Sunday, November 15, 2009

More on the Crucifix Removal

Sorry I have not written since my last rant but I was a bit lazy and busy at times. I have found a good article at Catholic News Agency about the removal of the crucifix from Italian schools. The comments are from the Archbishop of Sevilla Spain. Simple response with very logical points.
To a quick aside here. In my rocky and bumpy journey back into my faith the one of the things that has stood out and been refreshing is just exactly how smart and how well versed our clergy really is. The Priest's ability to analyze a problem and provide solutions no matter how big or small the problem is. As opposed to most of the law makers, politicians who just seem to have no common sense anymore. Really to me this is just another indicator our society overlooks as we become less and less tied to our roots of God, schools removing crucifixes no Lord's prayer, Christmas now being a Happy Holiday. Just a few illustrations of our foundation crumbling!
So there is my little rant for today and now the article from CNA;


.- Archbishop Juan Jose Asenjo of Sevilla in Spain said this week the crucifix is “the sign and emblem of the greatest values: commitment, solidarity, piety, mercy and universal brotherhood.” His comments came in the wake of a ruling by the EU Human Rights Court ordering crucifixes to be removed from all classrooms in Italy.
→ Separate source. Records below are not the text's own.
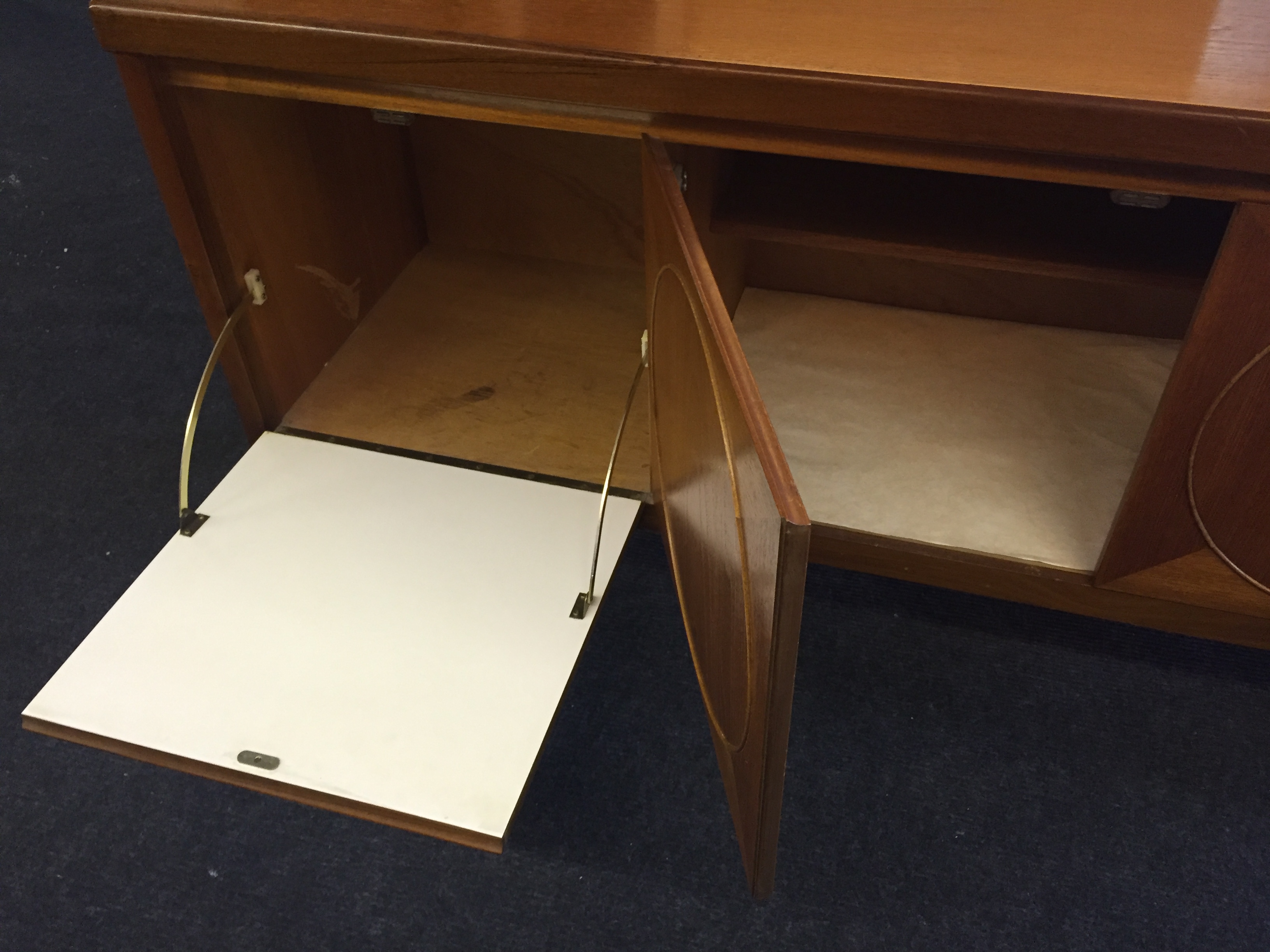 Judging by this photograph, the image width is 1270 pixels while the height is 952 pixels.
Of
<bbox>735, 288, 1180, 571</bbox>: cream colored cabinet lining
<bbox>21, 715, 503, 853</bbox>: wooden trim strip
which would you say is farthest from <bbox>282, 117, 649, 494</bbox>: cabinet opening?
<bbox>21, 715, 503, 853</bbox>: wooden trim strip

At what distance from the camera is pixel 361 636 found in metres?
0.98

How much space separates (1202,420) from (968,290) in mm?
554

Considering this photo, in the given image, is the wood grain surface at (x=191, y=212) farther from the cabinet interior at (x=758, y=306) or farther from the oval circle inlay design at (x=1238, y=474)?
the oval circle inlay design at (x=1238, y=474)

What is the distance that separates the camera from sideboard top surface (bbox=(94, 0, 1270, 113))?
0.76 meters

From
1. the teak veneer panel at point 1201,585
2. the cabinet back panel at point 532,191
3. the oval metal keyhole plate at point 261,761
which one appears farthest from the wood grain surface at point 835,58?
the oval metal keyhole plate at point 261,761

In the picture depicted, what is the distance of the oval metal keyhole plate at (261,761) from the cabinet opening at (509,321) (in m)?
0.44

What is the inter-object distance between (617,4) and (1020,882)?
888 mm

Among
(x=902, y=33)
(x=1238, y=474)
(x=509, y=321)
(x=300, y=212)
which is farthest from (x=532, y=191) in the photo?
(x=1238, y=474)

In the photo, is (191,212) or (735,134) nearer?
(735,134)

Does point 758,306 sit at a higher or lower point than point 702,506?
lower

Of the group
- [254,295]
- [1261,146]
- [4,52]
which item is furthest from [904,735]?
[4,52]

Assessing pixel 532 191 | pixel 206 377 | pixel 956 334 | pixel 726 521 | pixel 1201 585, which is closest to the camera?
pixel 726 521

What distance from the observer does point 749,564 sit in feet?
2.09

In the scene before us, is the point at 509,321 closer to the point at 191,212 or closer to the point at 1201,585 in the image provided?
the point at 191,212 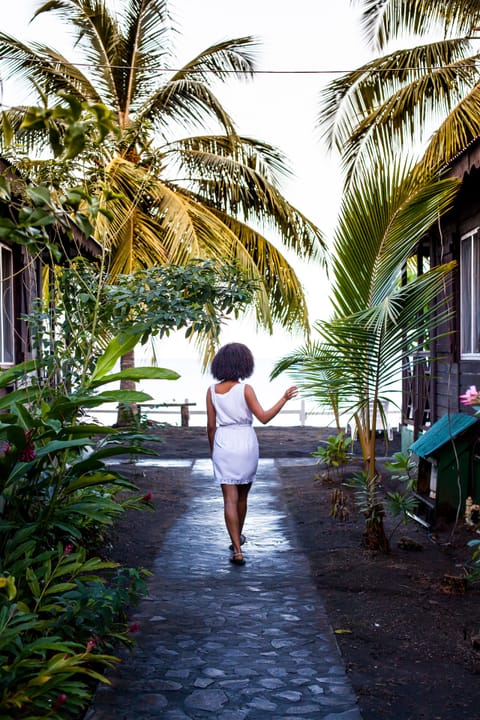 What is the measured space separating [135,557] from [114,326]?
195cm

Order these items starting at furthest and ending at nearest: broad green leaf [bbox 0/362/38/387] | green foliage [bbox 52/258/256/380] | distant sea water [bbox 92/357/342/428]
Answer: distant sea water [bbox 92/357/342/428] < green foliage [bbox 52/258/256/380] < broad green leaf [bbox 0/362/38/387]

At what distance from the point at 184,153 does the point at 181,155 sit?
11 cm

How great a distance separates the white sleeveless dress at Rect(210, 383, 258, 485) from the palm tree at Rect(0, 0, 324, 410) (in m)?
8.39

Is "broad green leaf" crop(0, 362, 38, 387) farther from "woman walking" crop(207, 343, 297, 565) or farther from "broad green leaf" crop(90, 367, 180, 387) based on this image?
"woman walking" crop(207, 343, 297, 565)

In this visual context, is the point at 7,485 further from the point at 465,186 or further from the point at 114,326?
the point at 465,186

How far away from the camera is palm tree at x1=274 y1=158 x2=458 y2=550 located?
5867 mm

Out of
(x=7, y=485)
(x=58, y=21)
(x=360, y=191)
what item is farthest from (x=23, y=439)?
(x=58, y=21)

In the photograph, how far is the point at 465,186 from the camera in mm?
8258

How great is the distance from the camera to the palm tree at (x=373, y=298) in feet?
19.2

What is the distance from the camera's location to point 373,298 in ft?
20.0

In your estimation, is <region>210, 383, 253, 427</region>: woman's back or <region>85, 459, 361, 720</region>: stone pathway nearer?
<region>85, 459, 361, 720</region>: stone pathway

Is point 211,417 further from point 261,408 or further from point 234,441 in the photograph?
point 261,408

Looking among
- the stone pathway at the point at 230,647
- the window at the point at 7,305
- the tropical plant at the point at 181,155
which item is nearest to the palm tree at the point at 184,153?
the tropical plant at the point at 181,155

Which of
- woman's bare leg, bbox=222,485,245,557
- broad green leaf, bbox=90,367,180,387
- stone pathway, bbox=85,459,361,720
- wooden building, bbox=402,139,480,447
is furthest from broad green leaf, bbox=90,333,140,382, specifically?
wooden building, bbox=402,139,480,447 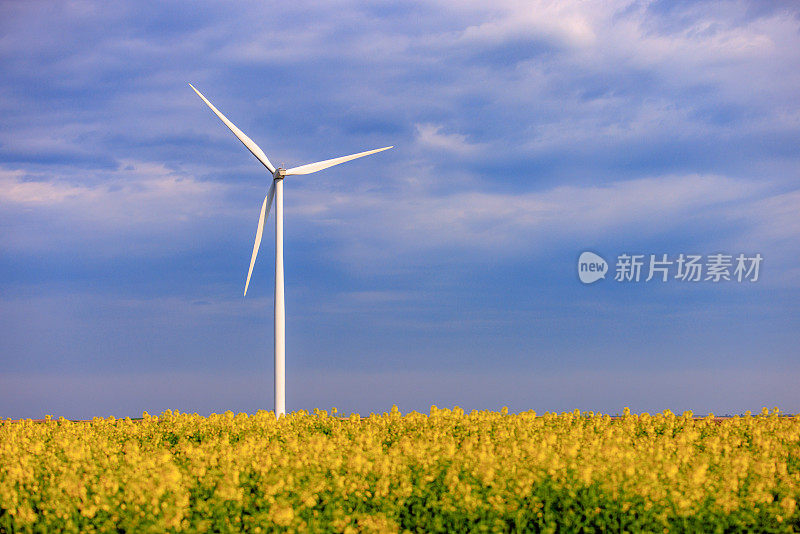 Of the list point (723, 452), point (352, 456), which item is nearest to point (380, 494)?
point (352, 456)

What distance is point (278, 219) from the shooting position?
17.9 m

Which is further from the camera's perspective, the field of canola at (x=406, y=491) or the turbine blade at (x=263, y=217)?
the turbine blade at (x=263, y=217)

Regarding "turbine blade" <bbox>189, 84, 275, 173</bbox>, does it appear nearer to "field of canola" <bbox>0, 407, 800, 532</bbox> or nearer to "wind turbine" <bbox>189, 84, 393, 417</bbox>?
"wind turbine" <bbox>189, 84, 393, 417</bbox>

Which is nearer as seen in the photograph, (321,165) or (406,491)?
(406,491)

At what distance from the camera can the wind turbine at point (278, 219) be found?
17.1m

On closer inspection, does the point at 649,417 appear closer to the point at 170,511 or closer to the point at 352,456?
the point at 352,456

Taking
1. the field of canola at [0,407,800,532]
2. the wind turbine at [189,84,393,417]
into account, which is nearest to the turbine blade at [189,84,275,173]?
the wind turbine at [189,84,393,417]

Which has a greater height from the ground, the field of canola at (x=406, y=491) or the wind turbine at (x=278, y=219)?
the wind turbine at (x=278, y=219)

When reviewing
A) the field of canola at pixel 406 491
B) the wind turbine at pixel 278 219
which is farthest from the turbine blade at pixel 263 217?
the field of canola at pixel 406 491

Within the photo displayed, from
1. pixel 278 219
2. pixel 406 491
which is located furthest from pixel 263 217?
pixel 406 491

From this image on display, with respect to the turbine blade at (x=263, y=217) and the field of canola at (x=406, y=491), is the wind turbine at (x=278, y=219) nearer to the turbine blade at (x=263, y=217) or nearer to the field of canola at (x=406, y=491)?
the turbine blade at (x=263, y=217)

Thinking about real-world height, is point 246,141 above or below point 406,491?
above

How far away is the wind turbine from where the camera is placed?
17.1 meters

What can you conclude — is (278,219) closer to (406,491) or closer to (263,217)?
(263,217) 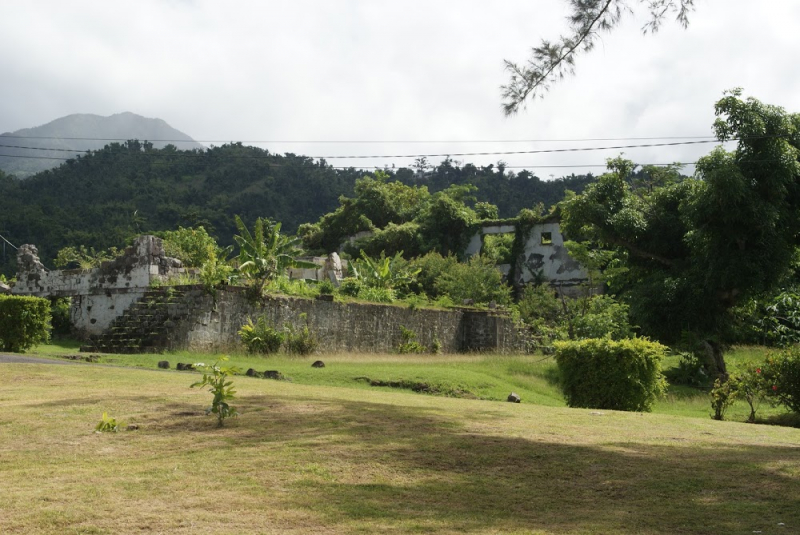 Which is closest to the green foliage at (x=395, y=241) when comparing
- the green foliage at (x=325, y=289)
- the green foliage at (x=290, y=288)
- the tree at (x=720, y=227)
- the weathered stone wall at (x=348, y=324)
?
the weathered stone wall at (x=348, y=324)

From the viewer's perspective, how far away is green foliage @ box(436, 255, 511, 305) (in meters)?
37.1

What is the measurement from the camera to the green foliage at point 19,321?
16.8m

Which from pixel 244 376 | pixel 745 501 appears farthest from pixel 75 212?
pixel 745 501

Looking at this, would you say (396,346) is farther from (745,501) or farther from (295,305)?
(745,501)

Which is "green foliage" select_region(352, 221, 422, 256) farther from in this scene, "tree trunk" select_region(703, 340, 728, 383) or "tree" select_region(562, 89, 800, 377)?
"tree trunk" select_region(703, 340, 728, 383)

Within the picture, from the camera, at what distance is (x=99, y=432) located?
26.1ft

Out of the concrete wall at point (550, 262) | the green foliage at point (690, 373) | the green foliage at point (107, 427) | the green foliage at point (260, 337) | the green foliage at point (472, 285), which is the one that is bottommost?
the green foliage at point (690, 373)

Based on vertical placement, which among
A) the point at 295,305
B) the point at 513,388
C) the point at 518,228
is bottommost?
the point at 513,388

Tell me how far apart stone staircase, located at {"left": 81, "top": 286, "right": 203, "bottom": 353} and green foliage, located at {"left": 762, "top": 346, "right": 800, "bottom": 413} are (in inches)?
487

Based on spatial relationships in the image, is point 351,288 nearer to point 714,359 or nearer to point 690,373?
point 690,373

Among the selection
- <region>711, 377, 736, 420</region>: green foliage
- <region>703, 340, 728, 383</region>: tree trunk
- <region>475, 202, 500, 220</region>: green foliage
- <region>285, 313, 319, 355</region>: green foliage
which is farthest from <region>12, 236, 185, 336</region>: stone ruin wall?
<region>475, 202, 500, 220</region>: green foliage

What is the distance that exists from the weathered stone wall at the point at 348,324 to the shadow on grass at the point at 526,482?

In an interview given to the COPE Radio Network, the archbishop said the ruling “denies the right of parents who want crucifixes to remain in the classroom.”

“Yesterday we read that 84% of Italians want to keep them, and the right to religious freedom of a majority is being denied, and the Christians roots of Europe are being forgotten,” he said.

Archbishop Asenjo went on to say, “More than ever, Europe is in need of these human values, and therefore I cannot help but lament this ruling.”

Referring later to the fall of the Berlin Wall, which happened 20 years ago on Nov. 9, the archbishop said the historic event also signified the “collapse of those regimes founded upon the denial of God and on ideologies that trample the dignity of persons and that unfortunately continue to do so.”

The fall of the Berlin Wall took place without a single drop of blood being shed and with the influence of Pope John Paul II, the archbishop noted. “My desire is that no more walls that divide man be raised and that others that divide Europe fall down, such as the wall of secularism, of moral relativism, of scorn for life in the womb or in its twilight, and the wall of forgetting our own history and the Christian roots of Europe.”